My little BRB has a wooden viv, with coconut bark chips. She has a few hides; two moist (one in the cool end and one on the heatmat), and a dry one in between...


----------



## Adam E (Nov 3, 2007)

ViRMiN said:


> My little BRB has a wooden viv, with coconut bark chips. She has a few hides; two moist (one in the cool end and one on the heatmat), and a dry one in between...


 

we have ours in a wooden viv too. she is a 6' adult female so she does not need the high moisture. she has a bowl of water, to soak in and a moist hide made from bark and filled with moss... she loves it in there...
she also loves to climb, all over the hide and up a pole with vines wrapped around it.
we use the eco earth as a substrate. it holds LOADS of moisture and is completely harmless... soaks up the wee too...:lol2:


----------



## rotty (Sep 24, 2007)

Adam E said:


> we have ours in a wooden viv too. she is a 6' adult female so she does not need the high moisture. she has a bowl of water, to soak in and a moist hide made from bark and filled with moss... she loves it in there...
> she also loves to climb, all over the hide and up a pole with vines wrapped around it.
> we use the eco earth as a substrate. it holds LOADS of moisture and is completely harmless... soaks up the wee too...:lol2:


do you not have any problems using eco earth in a wooden viv ?


----------



## SisterMoonbeam (Jan 28, 2008)

Well i got my little girl :no1:. She's just staying in her tub for the time being but i did get a rub for her....

...was wondering how much i should ventilate it... don't want to do too much or too little

Cheers


----------



## Bernie (Mar 4, 2007)

Congrats on the new addition!
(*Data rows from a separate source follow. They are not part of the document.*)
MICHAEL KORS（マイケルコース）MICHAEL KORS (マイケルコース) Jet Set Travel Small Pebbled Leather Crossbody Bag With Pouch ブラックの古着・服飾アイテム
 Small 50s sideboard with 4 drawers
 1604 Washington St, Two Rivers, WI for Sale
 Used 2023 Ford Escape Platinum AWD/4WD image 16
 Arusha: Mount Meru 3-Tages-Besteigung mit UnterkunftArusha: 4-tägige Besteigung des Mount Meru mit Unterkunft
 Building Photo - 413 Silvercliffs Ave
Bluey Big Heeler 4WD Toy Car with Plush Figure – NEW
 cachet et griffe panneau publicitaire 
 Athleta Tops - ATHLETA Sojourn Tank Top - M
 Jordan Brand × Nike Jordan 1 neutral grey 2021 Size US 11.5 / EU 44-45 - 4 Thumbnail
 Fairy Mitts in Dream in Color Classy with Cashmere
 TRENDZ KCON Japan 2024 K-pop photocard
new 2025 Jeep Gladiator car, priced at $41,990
How's he/she doing? As for ventilation, I got my other half to drill holes, a cluster of 8-10 on the bottom left on the back panel, he then drilled a similar amount on the top right of the front panel. By having holes lower, cool air enters and out of the higher holes, warm air leaves, this creates an airflow, allowing fresh air to circulate and stagnant air to leave. Its easy to tell if its not working well and more vents are needed as the humidity will be sky high and the box will have a distinct musty smell when opened!!


----------



## SisterMoonbeam (Jan 28, 2008)

She's doing fine it seems, got some pics of her setup, got her in a 9l RUB. Humidity seems good, the hygrometer says 60% but its a dial one, still waiting on the digital thermohygrometer thingy to come in the post.


----------



## medusa0373 (Mar 18, 2008)

She's lovely


----------